Well, not cease to exist, merely, change your existence.

“Death?  Not God?”  I nod, slowly.  Her face crumples, confused.  There is silence as she tries to open her mind to the possibility.  A lightbulb flickers out, and she glares up at the ceiling, which seems to be miles above her.  I see a tear break from her eye, and I cock my head in sympathy.  No rants, no rages, no tantrums or attempted murder, just a tear.  And it shudders into the pit of my body, where my heart used to be, pumping the veins of life with vigour and adoration.  She glances quickly, and sees the attitude I am in. 

“I know you” she says, and I glare down at the paper before me.  When I look up, I am smiling at her, simultaneously folding the paper and sliding it across the desk towards her.

“Yes, you do.”  And her form fades, as usual, as a smile of understanding creeps across her face.

Sometimes it takes hours for them to realise, but when they do, it’s always the same effect, fading away and melting into their next realm, like waking from a dream, or realising a mirage.  That’s the thing: the truth is always preferable to a story. 

When she has gone, I click my fingers, and the corridor changes.  The truth is, I am the Lord of the World, and yet so are you.  Death exists first, and yet is synonymous with life.  For there is no life without Death.

 

“Look, can’t we talk about this?”

“Rules are rules, it’s time to go – look, I have a commission to fulfil.”

“Well this is my life!”

“So?”

“So… you can’t just take it away!”

They stared at the vial on the chess board between them.

“It was rented.”

“Rented?”

“Yes, and now your term is over.  Seventy years we agreed, non-refundable, non-extendable.  That was the contract.”

“Contract?  I signed no contract!”

Death sighed.  It was always the same.  A light bulb exploded and he clicked a spindly finger, replacing it.

“MEDDLEWORTH!”  He roared, and a little creature with enormous ears staggered in.  The mortal yelped.  “Oh shut up you squirming worm – Meddleworth, get the contract.”  The creature stumbled out again.  “We used to call him Frankenstein until that Shelley woman walked in by accident.  The lock on the door in Geneva goes a bit in May.”  The mortal let his lips curl in a mock smile.  “MEDDLEWORTH!  Get in here!”  The creature limped in, carrying a roll of parchment that obscured his face.  He dithered around as he tried to find the table, before plonking it down in front of his master.

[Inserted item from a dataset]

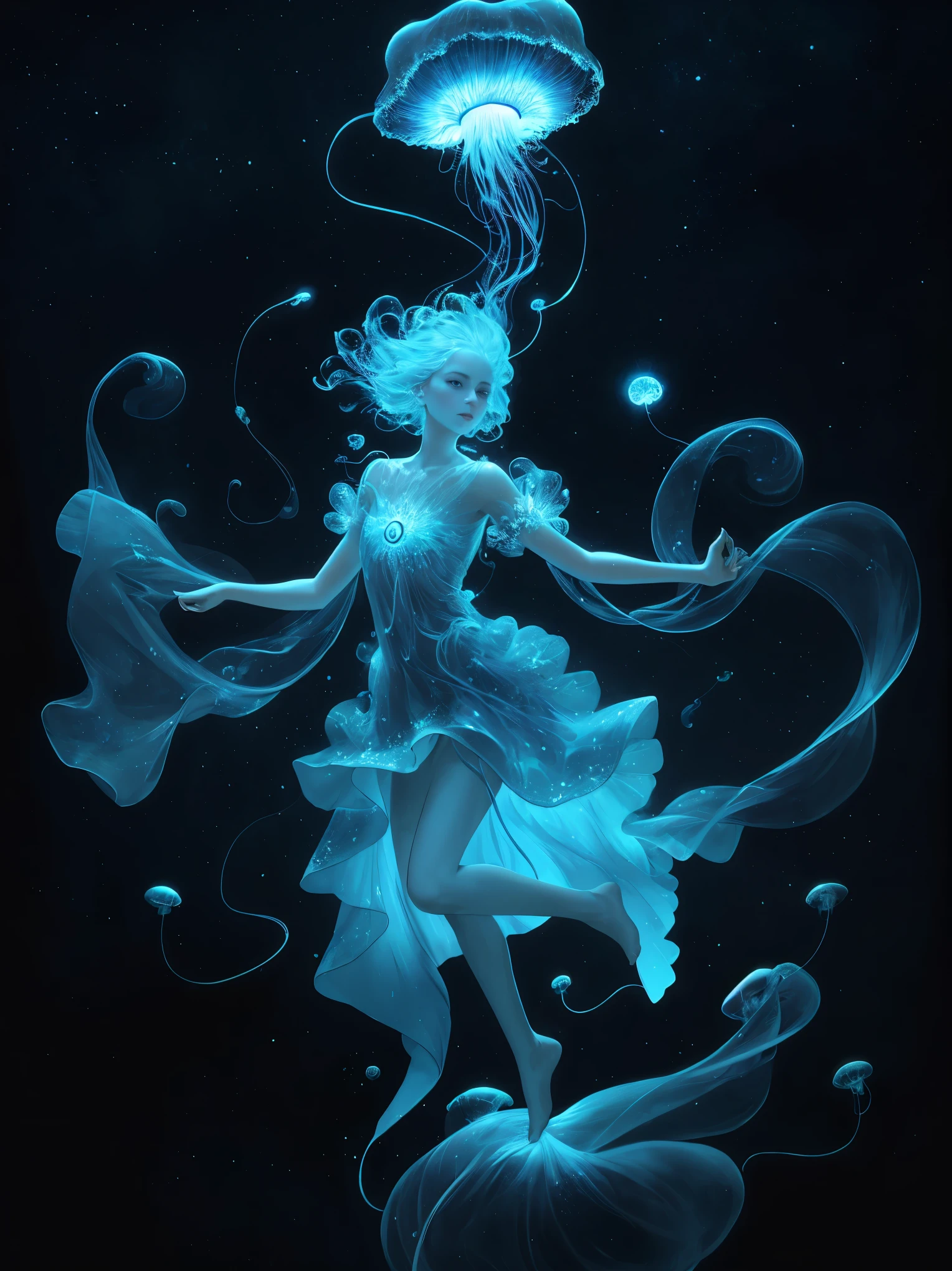 Una medusa celestial, flotando en el cosmos con zarcillos bioluminiscentes que crean una danza cósmica.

            “A ha, here we are: ‘Peter’ – good name that – ‘Peter Frederick Miller… to live for seventy years in peace until’ – oooh, hang about… ‘until collected by Death’s minions to become Death’s First Secretary of Execution’… oh Vesper won’t like that… Oh well.  Grumpleweed – go and find Vesper will you?”  A goblin looked up, and said in a nasally-high-pitched voice Peter had not expected:

“She’s out, sir, collecting a Russian.”

“What?  Why is she collecting?  That’s your job.”

“He was important sir, reincarnation of Azrael or something.”

            “Oh for chrissake Grumpleweed, I’M Azrael!”  Death sighed, and cradled his head in his hands.  Peter was still there.  “Well, what do you want? Get to work.”  Death snapped.

“Well… I”.

“Oh.”

“Yes.”

“You’ve forgotten.”

“Forgotten?!”

“well, surely you’ve been First Secretary of Execution before?”  Peter shook his head.  Slowly.